There will always be those patients and their family members that test your limits. When you encounter exceptionally difficult people who treat you inappropriately, whether by using abusive language or expecting you to be their servant, it is important to calmly but firmly set boundaries. With patients, insist that you be treated with respect, just as you are treating them with respect. Practice strong, clear phrases you can use in high-stress situations like, “Help me understand exactly what is wrong,” or “I will not tolerate this behavior.” Use communication to diffuse the situation by asking about the patient’s feelings and fears. Many times, a patient’s aggressiveness can be attributed to what they are feeling. Threatening and disruptive behavior are two types of workplace violence.

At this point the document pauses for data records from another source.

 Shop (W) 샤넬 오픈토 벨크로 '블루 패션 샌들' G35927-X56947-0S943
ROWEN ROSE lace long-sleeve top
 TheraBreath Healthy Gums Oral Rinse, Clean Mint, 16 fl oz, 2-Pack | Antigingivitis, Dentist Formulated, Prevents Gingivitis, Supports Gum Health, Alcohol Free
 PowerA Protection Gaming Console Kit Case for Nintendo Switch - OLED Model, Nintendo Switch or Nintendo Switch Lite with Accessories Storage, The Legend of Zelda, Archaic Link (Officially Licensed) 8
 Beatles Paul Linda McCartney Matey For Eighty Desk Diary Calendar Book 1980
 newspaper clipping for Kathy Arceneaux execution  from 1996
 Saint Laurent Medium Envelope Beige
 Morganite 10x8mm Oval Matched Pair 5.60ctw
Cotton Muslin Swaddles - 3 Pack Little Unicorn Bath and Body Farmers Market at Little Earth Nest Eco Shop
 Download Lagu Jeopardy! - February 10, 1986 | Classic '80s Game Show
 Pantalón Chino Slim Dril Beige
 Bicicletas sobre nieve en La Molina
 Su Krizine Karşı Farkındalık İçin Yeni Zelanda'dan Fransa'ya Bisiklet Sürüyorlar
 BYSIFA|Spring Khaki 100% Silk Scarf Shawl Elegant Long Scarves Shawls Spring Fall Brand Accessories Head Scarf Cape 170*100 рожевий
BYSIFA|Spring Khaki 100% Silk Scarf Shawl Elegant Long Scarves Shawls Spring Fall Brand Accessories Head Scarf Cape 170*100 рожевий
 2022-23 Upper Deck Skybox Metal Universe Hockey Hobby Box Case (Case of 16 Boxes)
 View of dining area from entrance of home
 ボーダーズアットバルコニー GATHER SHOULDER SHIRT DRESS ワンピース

Physical violence, harassment, and intimidation are others. As a proactive measure, discuss safety protocols with your recruiter, agency, and/or facility. You should receive clear guidance on how to respond if faced with workplace violence while on assignment.

Always Remain Calm

No matter what situation you find yourself in, the most important thing you can do for yourself and your patients is to remain calm. When you keep a calm, level head, you’re better able to make rational decisions that lead to a positive outcome – and avoid saying things you’ll regret later. Your patients will have more faith in your abilities and feel that you are in control if you do not appear to be agitated or upset. In extreme cases, it may be beneficial to leave the room or just turn your back, count to 10, and gather yourself before returning to the situation.

Take Care of Yourself

Travelers work difficult, demanding schedules that don’t always allow for proper breaks. When your shifts are over, make sure to take good care of your mind and body. As your schedule allows, get proper rest and eat a healthful diet. In your free time, spend time doing activities that build you up and replenish your mental energy. Explore your new city on your own, make plans with new friends, or connect with loved ones at home for an extra boost.

Your traveling career will have its fair share of stressful days, but if you do your best to nurture your patience and take care of yourself, you can make it through even the toughest days and make a huge difference in the lives of so many patients.